In terms of wealth, the facts are no better. The top 5% among us now own 67% of the wealth in America, while the bottom 90% own 21%.  To remedy these imbalances, we must close tax loopholes and increase tax rates on the wealthy. 

While our founding fathers certainly had capitalist instincts, their concern about an “aristocracy of wealth” and their resolve to build up public education to avoid such, indicate that this is not what they wanted for us.  To right these structural imbalances, and create a more egalitarian society, we must invest substantially more in public education and resource it with increased taxes on the wealthy.  If the wealthy gentlemen on the Titanic could give up their places on lifeboats for women and children, it would be tragic for all if the wealthy today failed to lend an adequate helping hand up to those full of potential but unable or unaware of their ability to climb. 

In terms of the structure of industry in America, the sad reality is profit motive, technology and lax enforcement of anti-competitive practices has given way to unbridled growth in business concentration.  A 50-year decline in enforcement of anti-monopoly and anti-trust action by the FTC and DOJ has allowed a number of businesses to grown so big they’ve been able to dominate if not crush smaller rivals and keep fresh entrants at bay.
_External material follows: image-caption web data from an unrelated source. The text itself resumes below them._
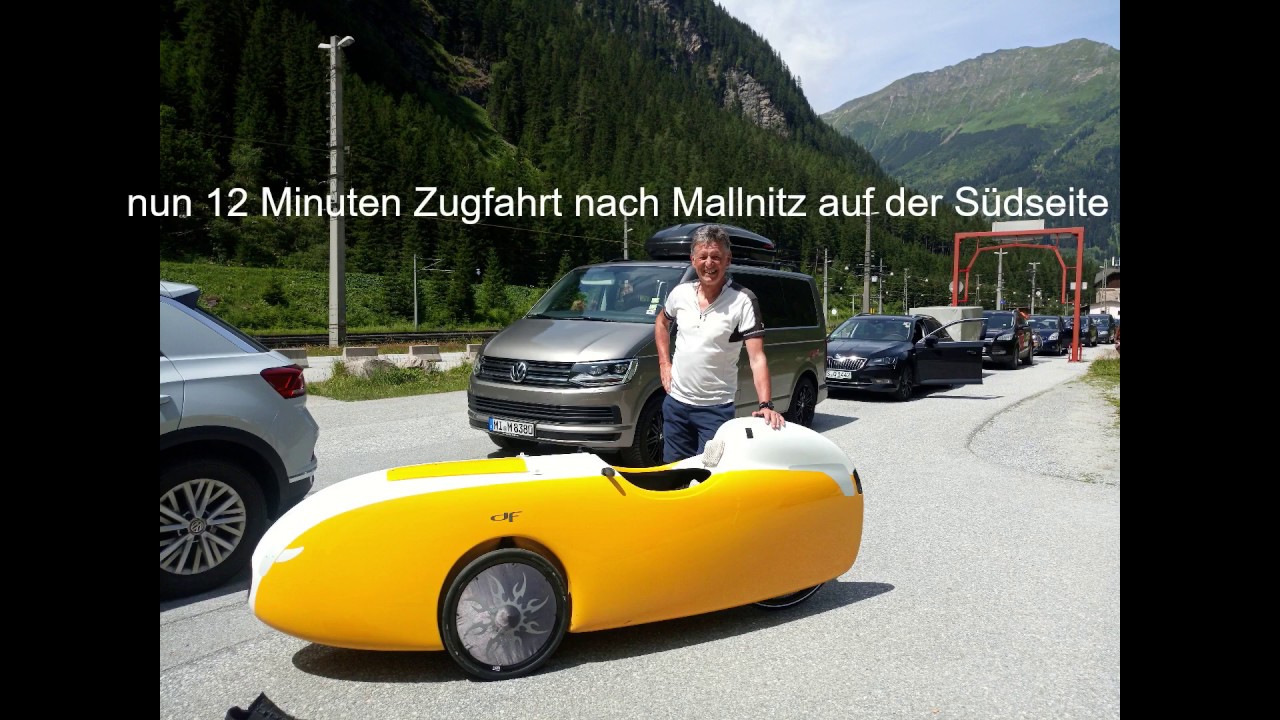 Velomobil DFxl #240  Alpenquerung über Salzburg und Mallnitz nach Osttirol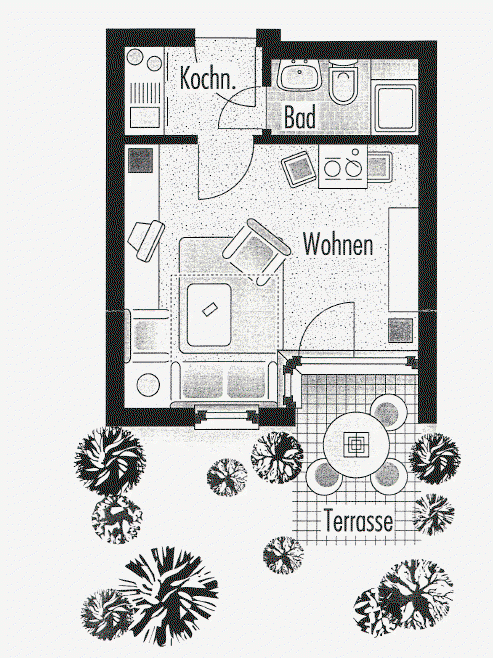 Prenájom bytu 1-izbový 29 m², Jägerstraße 10, Nürtingen, Bádensko-Wurttembersko Prenájom bytu 1-izbový 29 m², Jägerstraße 10, Nürtingen, Bádensko-Wurttembersko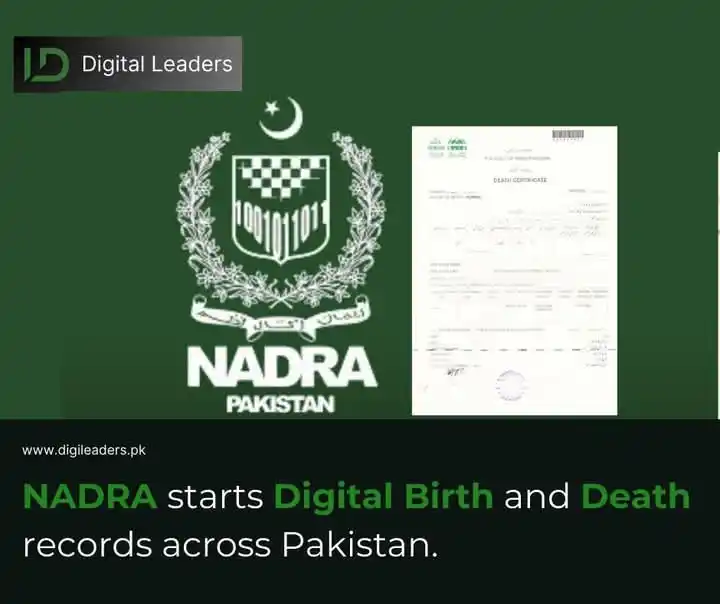 Image from Digital Leaders: Under the Udaan Pakistan initiative, NADRA is rolling out digital birt...
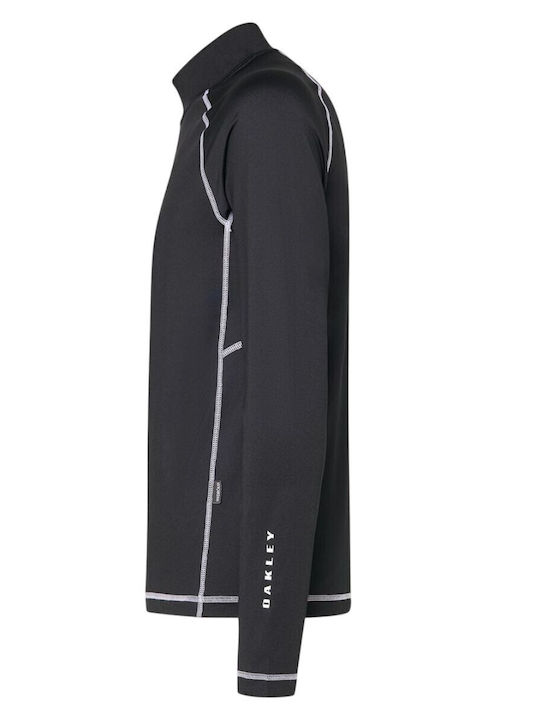 Oakley Tricou de Protecție Solară cu Mâneci Lungi pentru Bărbați Negru Oakley Tricou de Protecție Solară cu Mâneci Lungi pentru Bărbați Negru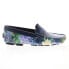 Robert Graham Tropics RG5644S Mens Blue Loafers & Slip Ons Moccasin Shoes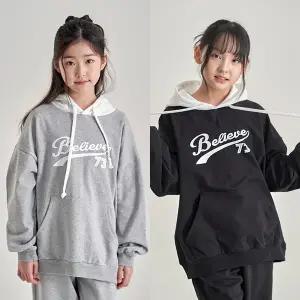 빌리 후드 티셔츠 / 여아 주니어 의류 초등학생 옷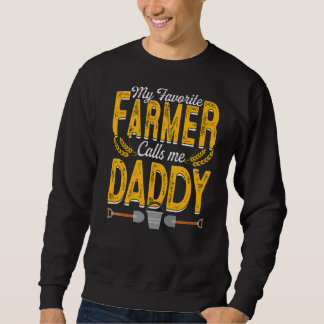 Manar Min favoritjordbrukare kallar mig pappa Farm Lång Ärmad Tröja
The massive buying power, deep pockets, acquisitions, scale of operations, vertical integration, and unregulated anti-competitive behavior of publicly traded companies have often been used to drive up profits for shareholders but at the expense of small business owners.  While this has happened in many industries, it’s most noticeable among mom & pop restaurants, hardware stores, bookstores, drug stores and grocery stores. Large chains can acquire or drive out competition, then reduce service and selection, and eventually raise prices. Former President Teddy Roosevelt, stalwart of the Republican Party and progressive architect of the “square deal”, would not only be appalled if he saw how American industry has evolved, he’d spur the FTC and DOJ into action. 

Consolidation in the banking industry is probably the largest and most concerning part of our economy.  Between 1990 and 2010, 37 large banks consolidated into four mega-banks holding $4.6 trillion in assets. Those four banks, while regulated, have been free to boost profits and bonuses through speculation in risky securities, all the while knowing they will be bailed out by the US Treasury because they are “too big to fail”.   To fix this, we need Washington to start putting the good of the people ahead of the greed of the wealthy, reimpose the Volker Rule and an updated version of the Glass-Steagall Act.  Reimposing these bank regulations will cause the mega-banks to start spinning back into smaller pieces and rein in the risks they are to the economy. 
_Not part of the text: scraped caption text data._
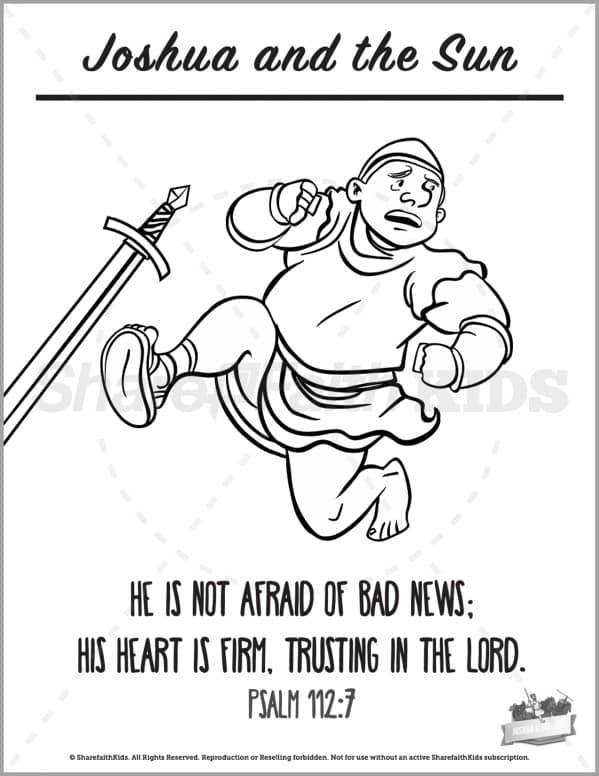 ShareFaith Media » Joshua 10 Joshua and the Sun Preschool Coloring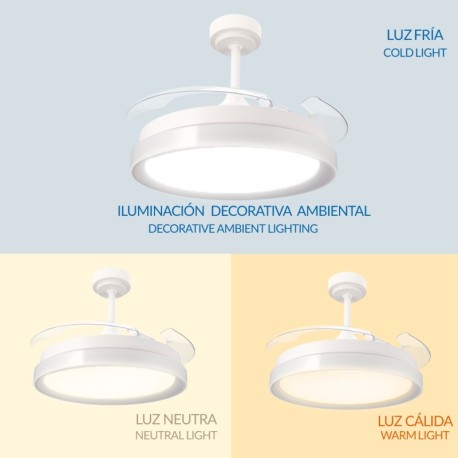 Ventilador de techo Yeray blanco Mimotec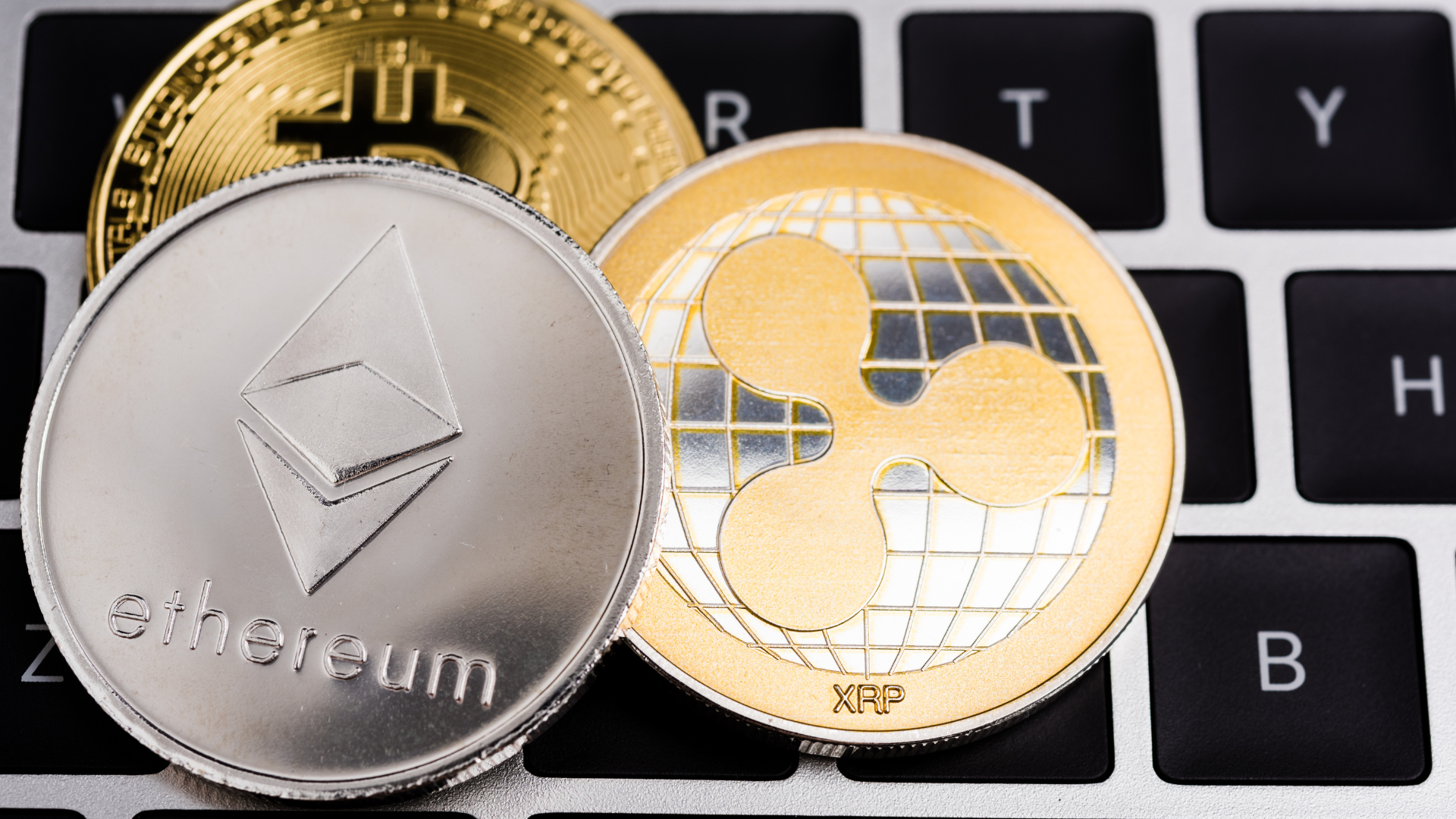 Bitcoin, Ethereum,Ripple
Finally, the composition of Boards of Directors must be improved to better reflect the interests of all the constituencies corporations serve. CEO compensation, now averaging 300 times their average hourly worker must be reined in.  The awarding of stock options far below market prices has been a great disservice to shareholders, a slap in the face of employees, and must be brought under control.  To more effectively bend corporate conduct to be more in-line with the greater good of all constituencies, we need to require corporate boards to include a meaningful number of representatives of employees and communities. Industrial powerhouse, Germany has effectively done this for decades and so can we. 
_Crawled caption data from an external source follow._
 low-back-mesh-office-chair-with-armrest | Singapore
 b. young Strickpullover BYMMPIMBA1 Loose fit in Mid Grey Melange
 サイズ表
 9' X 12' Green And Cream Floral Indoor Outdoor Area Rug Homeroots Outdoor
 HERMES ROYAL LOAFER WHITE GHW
Hopefully most of us can agree that one of the prime goals of a free and democratic society ought to be promoting a largely egalitarian society where all have a good opportunity to build a reasonably secure and healthy life for themselves and their families.  If that is true, then I hope we can agree that the extreme income and wealth inequality entrenched within our economy, as well as the structural instability lying beneath the surface, warrant meaningful restructuring and supporting elected leadership prepared to make those changes.